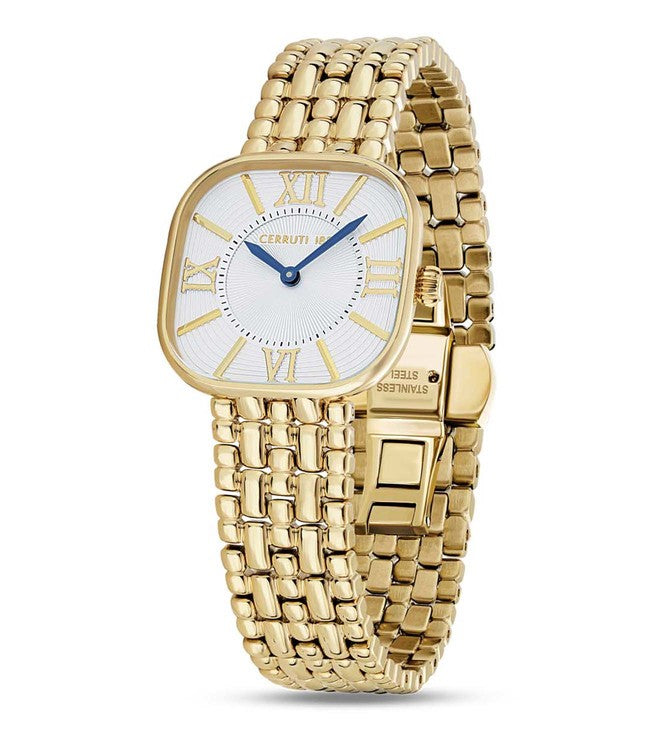 Cerruti CIWLG2225202 CASENA Watch for Women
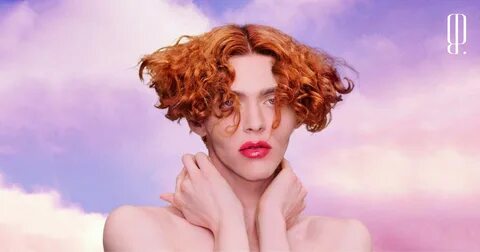 Bright sophie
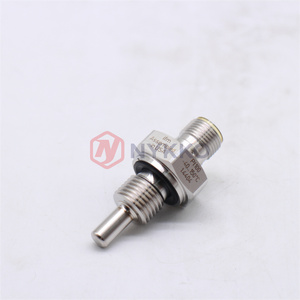 Nuevo sensor de temperatura original con interfaz de sistema TM4101- /US/ - Product Image 3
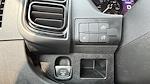 2025 Ram ProMaster 2500 High Roof FWD Empty Cargo Van for sale #R5590 - photo 19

> [Task prompt]: In the data above, find the line with "Bright sophie" and repeat it and every line after it through the end, exactly; leave the pictures out.

> [Output below]:
 Bright sophie
 Nuevo sensor de temperatura original con interfaz de sistema TM4101- /US/ - Product Image 3
 2025 Ram ProMaster 2500 High Roof FWD Empty Cargo Van for sale #R5590 - photo 19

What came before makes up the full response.